Na interseção do “bolsominion inveterado” com o “bolsominion arrependido”, jaz uma incógnita
POR Felipe Pinheiro

Quando era rapagote e li “O Pequeno Príncipe” (e aqui não cabem pitacos sobre a grandeza ou pequenez literária da obra, escritura sagrada dos concursos de Miss), me marcou fundo uma passagem, que tá sempre emergindo na lembrança e espelhando nosso atual habitat político. 

Cruzando seu itinerário intergaláctico, o Pequeno Príncipe aterrissa em um planeta habitado por um beberrão, um pinguço. Compadecido pela existência maltrapilha do homem ignóbil, o nobre menino trava diálogo com ele:

– Por que é que bebes?
– Bebo para me esquecer.
– Para esquecer o quê?
– Para me esquecer que tenho vergonha.
– Vergonha de quê?
– Vergonha de beber!!

Voltaremos a isso mais adiante, aguarde só uma coisinha.

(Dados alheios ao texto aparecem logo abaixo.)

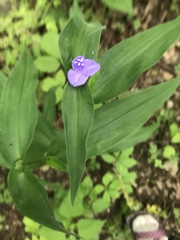 Tradescantia subaspera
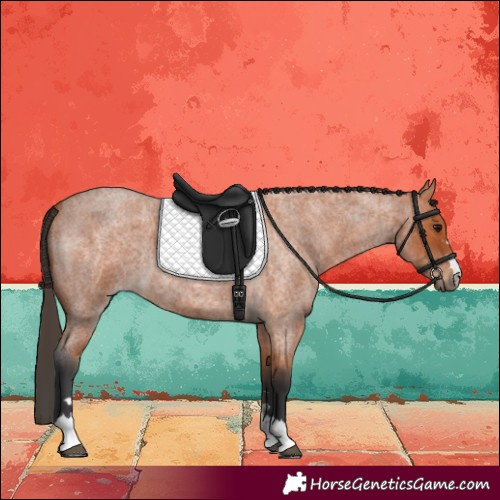 Horse Color:Bay Roan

Desde que o shogunato bolsonarista se instalou no Brasil, a oposição vive em ânsia pelo dia em que os apoiantes de Jair irão finalmente arrepender-se da escolha e consertar o malfeito. Para ser bem franco, nunca confiei minhas esperanças ao fenômeno “bolsominion arrependido”. O tipo até existe, é coisa notada, mas não existirá, a meu ver, em volume para nos garantir uma eleição de mar manso e ventos gentis em 2022. Em grande volume, diga-se, ainda existirão os bolsonaristas convictos.

A entidade bolsonarista que realmente que me intriga e preocupa é outra, bem mais complexa e adoentada. Na interseção dos convictos com os arrependidos, eu vejo um enclave de constrangidos. 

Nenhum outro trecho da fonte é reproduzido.